Running Master Thesis
Description
Knowledge graph (KG) is a structured semantic knowledge base that describes real-life entities and their relationships to each other. The basic unit of a KG is the (head entity, relation label, tail entity) triple. Knowledge graph embedding aims to embed the entities and relation labels into a continuous, low-dimensional vector space. This embedding preserves the inherent relational structure of the KG. Such an approach can benefit various downstream tasks, such as link prediction. In the training regime of the knowledge graph embedding, the method of random sampling is usually adopted, but it might not be optimal. To enhance the efficiency and effectiveness of knowledge graph embedding training, this thesis aims to investigate several biased sampling training regimes.
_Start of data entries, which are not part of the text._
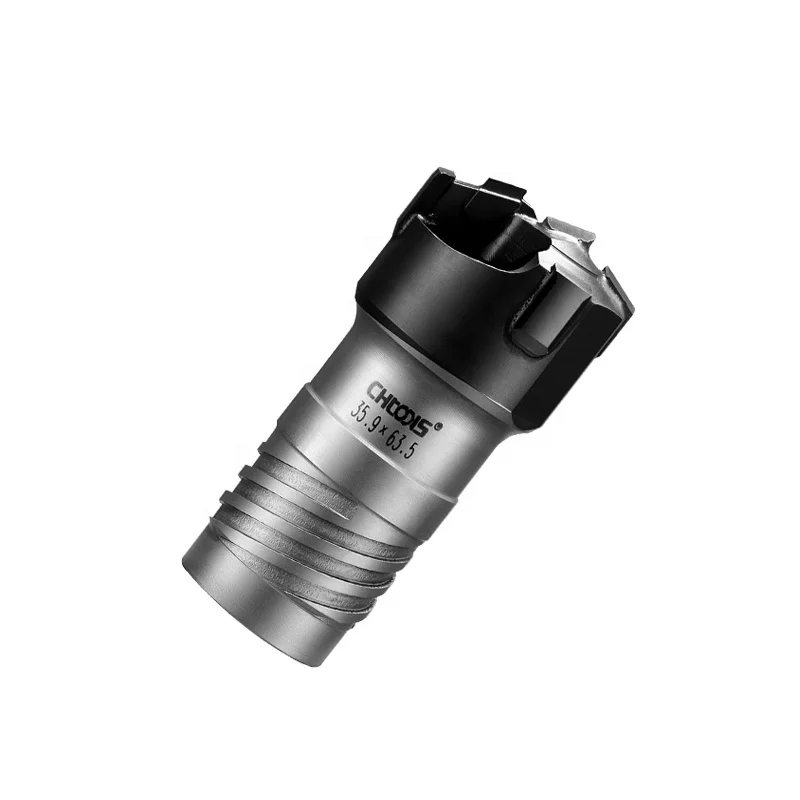 Chtools Factory Direct Industrial Grade Bta Deep Hole Drill Bits Wear-Resistant For Heavy Du Ty Steel Machining-image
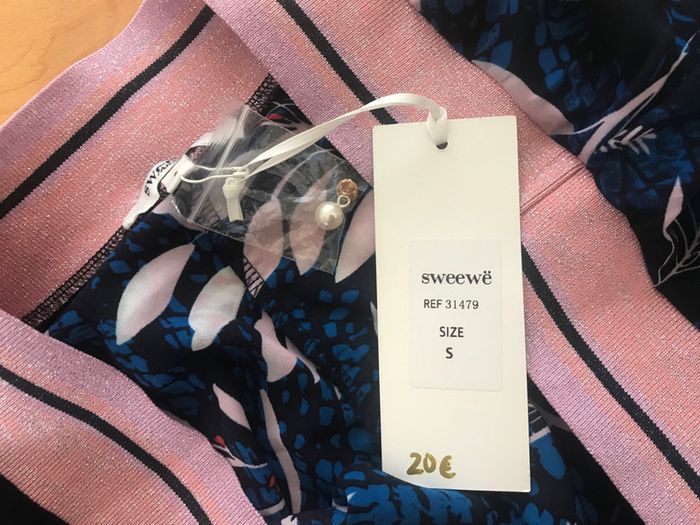 Blouse col bateau - photo numéro 5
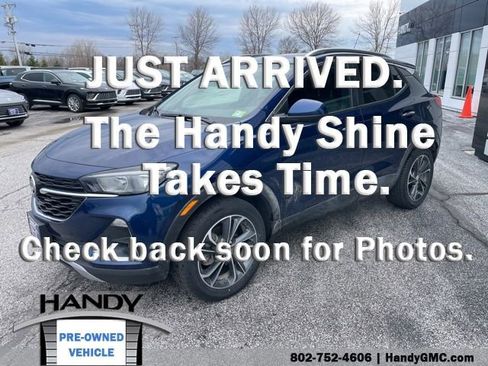 Used 2023 Buick Encore GX Select image 3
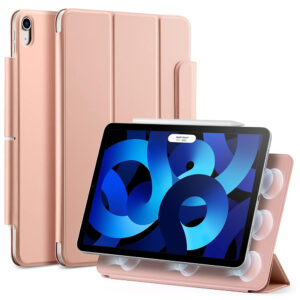 Husa iPad Pro 2018 11.0 A1980/A1979 ESR Rebound Magnetic, roz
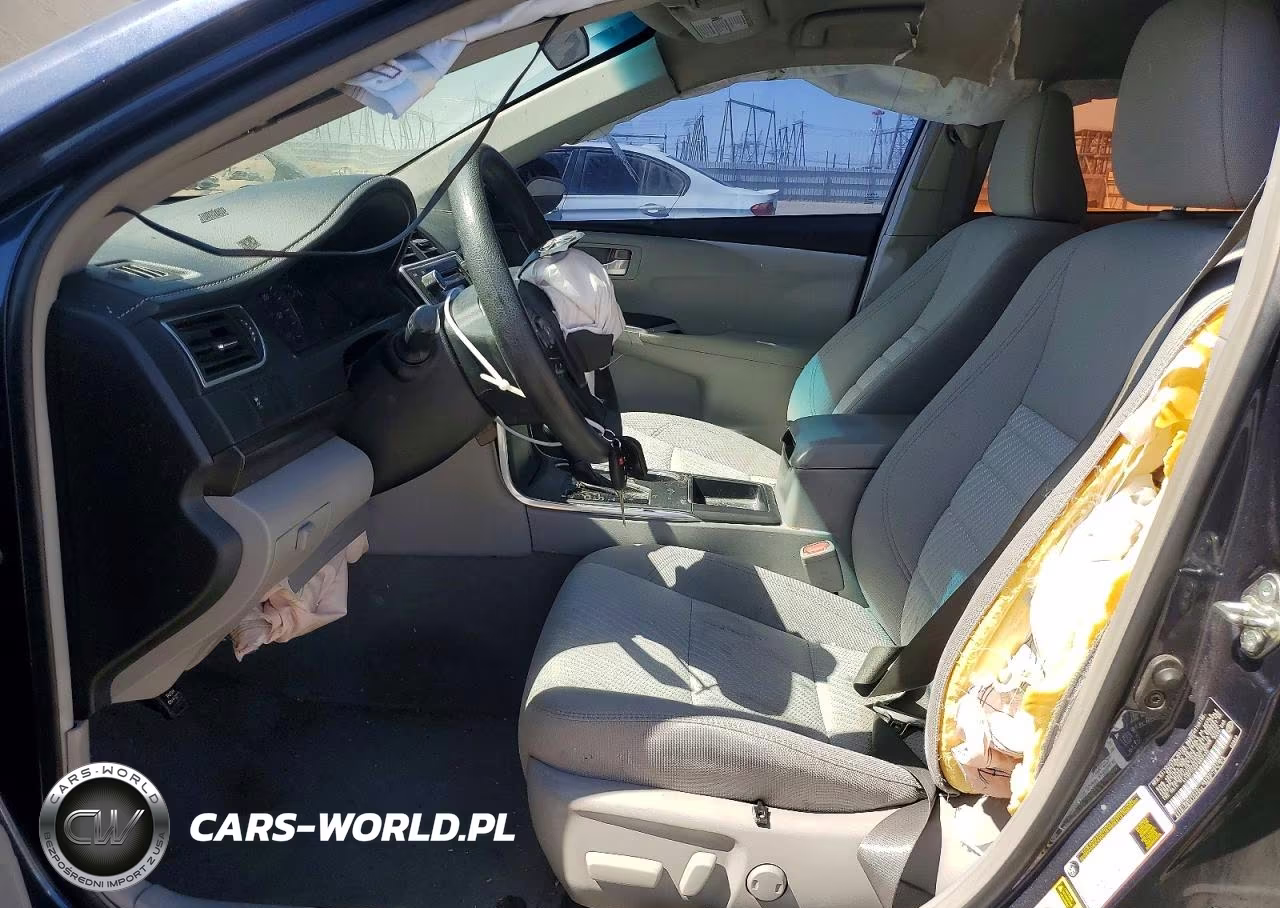 2015 Toyota Camry Le VIN:4T1BF1FK5FU997435 - 7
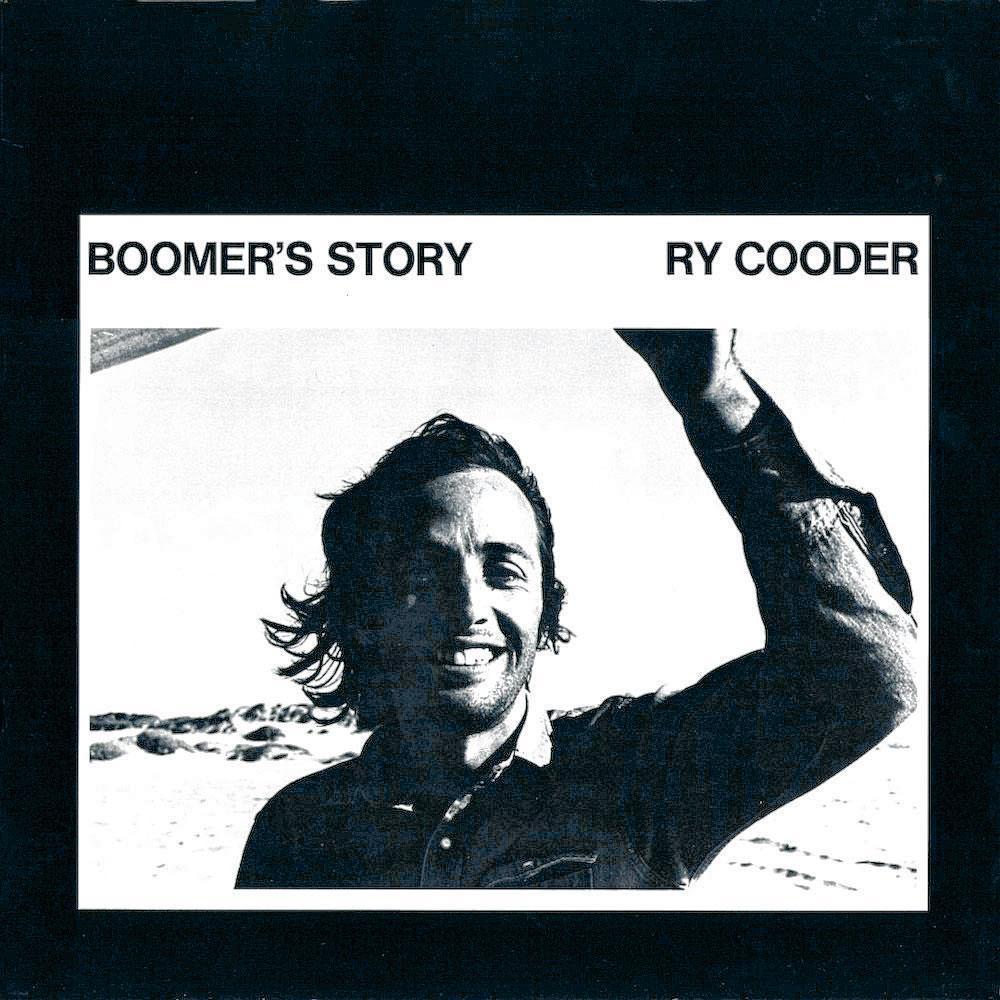 Ry Cooder - Boomer's Story (1972)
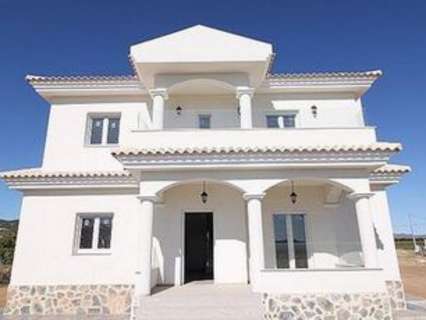 Villa en venta en El Pinós/Pinoso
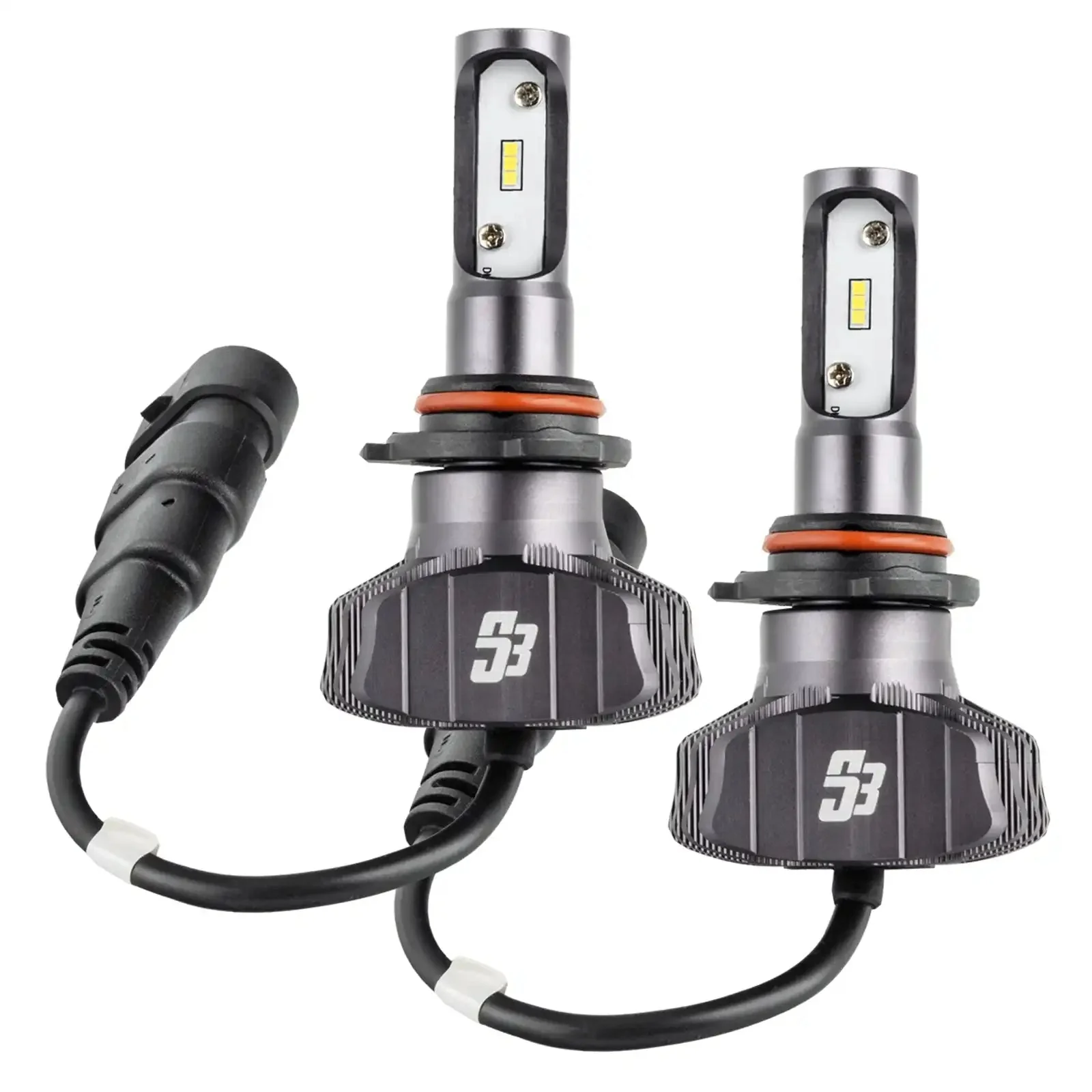 ORACLE Lighting 9006 - S3 LED Light Bulb Conversion Kit (Low Beam) - Image 2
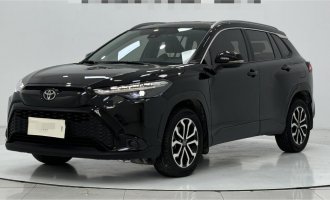Toyota Frontlander  2022 2.0L CVT Leader 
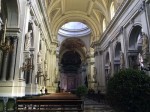 A view to the alter in the Duomo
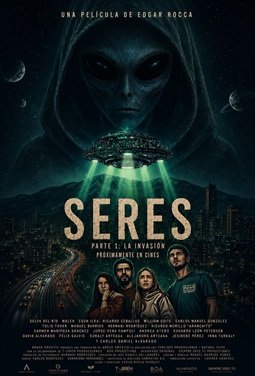 SERES. PARTE 1 LA INVASION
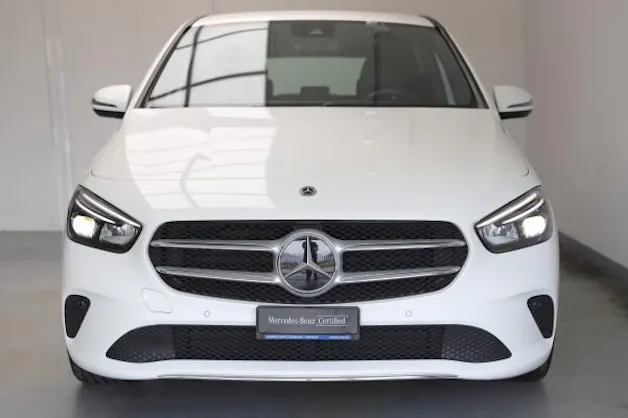 Mercedes-Benz B 200 d 4Matic Swiss Star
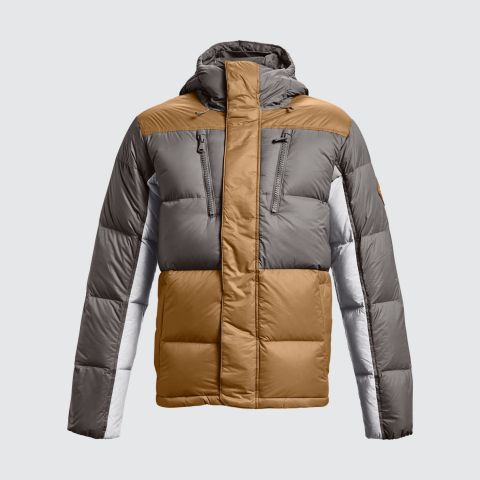 Under Armour UA CGI DOWN BLOCKED JKT img3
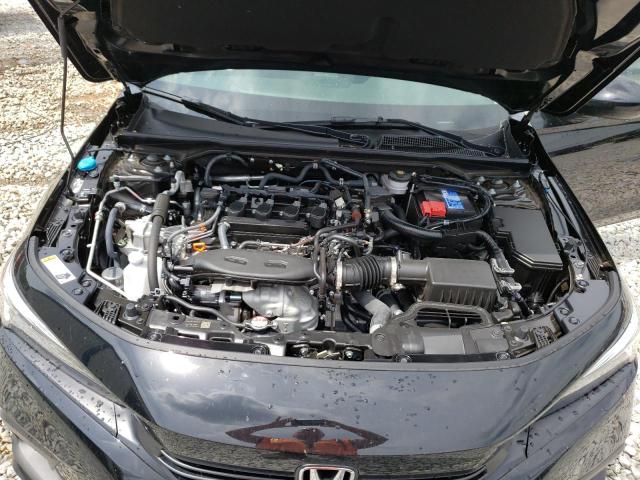 2024 HONDA CIVIC EX - 2HGFE1F71RH330861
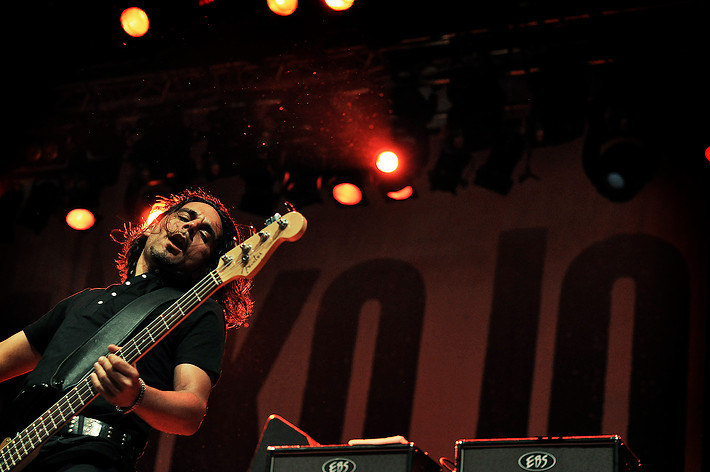 2010-07-31 - Danko Jones från Putte i Parken, Karlskoga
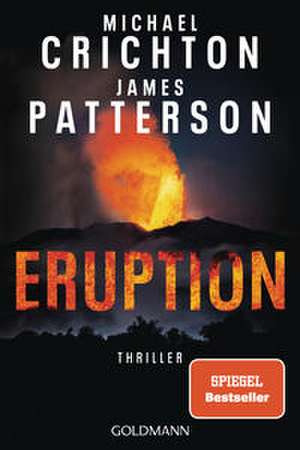 Eruption de Michael Crichton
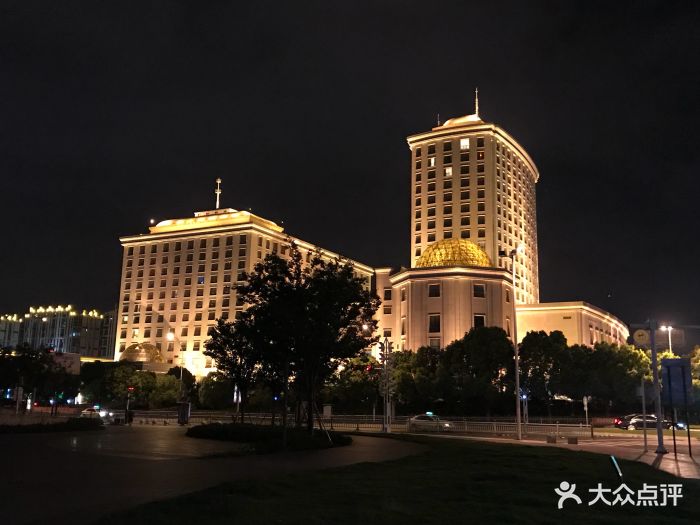 苏州相城白金汉爵大酒店图片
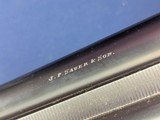 Excellent Hi-Grade Pre-War J.P. Sauer 12 GA SXS Shotgun - Image 14 of 20
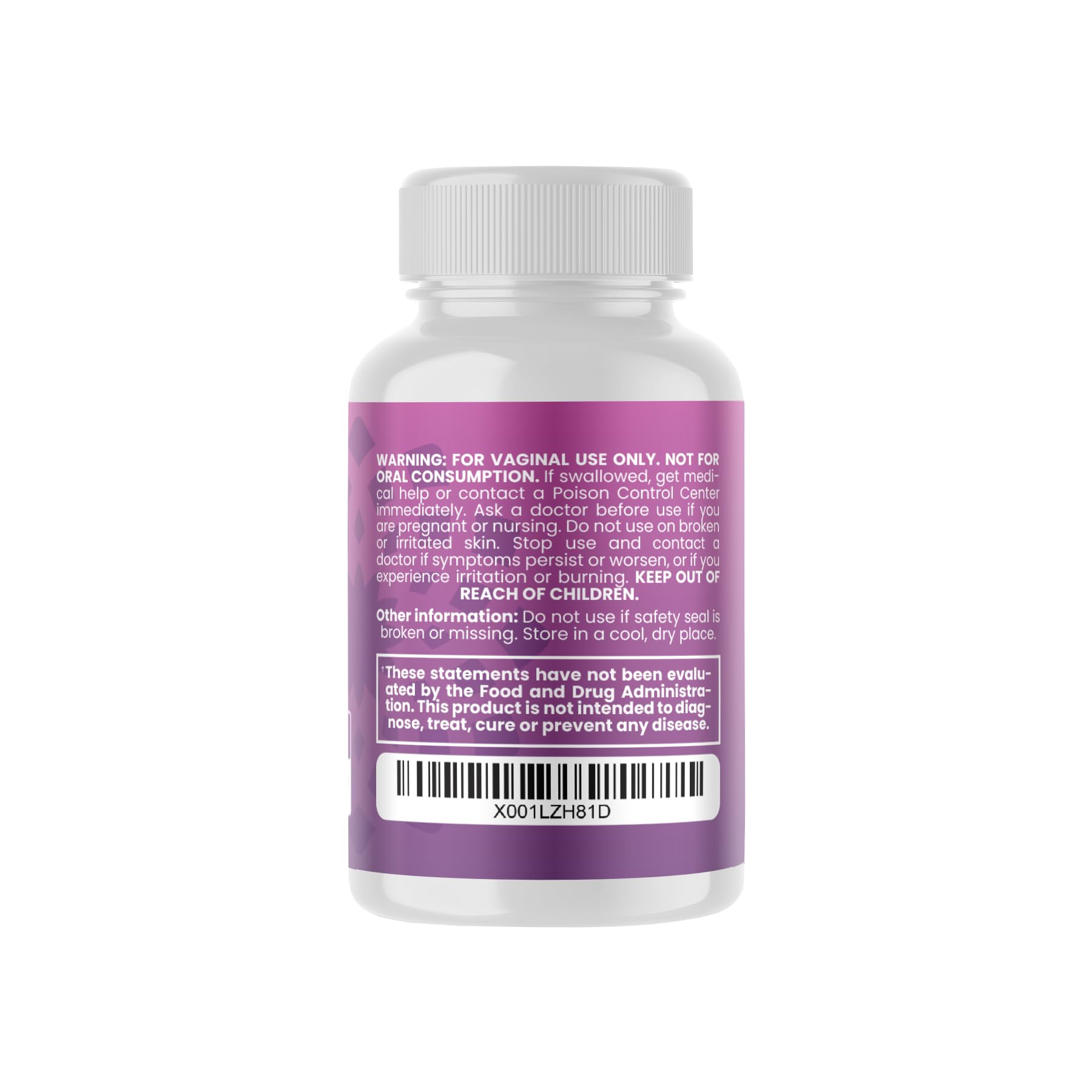 Seroflora Boric Acid Vaginal Suppositories 600mg – 30 Count with 7 Applicators for Odor Control & pH Balance Feminine Hygiene Support, Natural Intimate Care, Made in USA SEROVERA buy supplements canada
Entities and relation labels are stratified according to the frequency of their occurrence in the KG, with the high-frequency group having a higher probability of being sampled. Alternatively, in the segmented training process, sampling begins with the high-frequency group and then progresses to the low-frequency group. TransE, RotatE, and DistMult are used as the baseline models, with mean reciprocal rank (MRR) and Hits@N serving as the evaluation criteria. The training results of stratified sampling are compared with random sampling to analyze whether these new training regimes could enhance the training efficiency and effectiveness of the knowledge graph embedding method.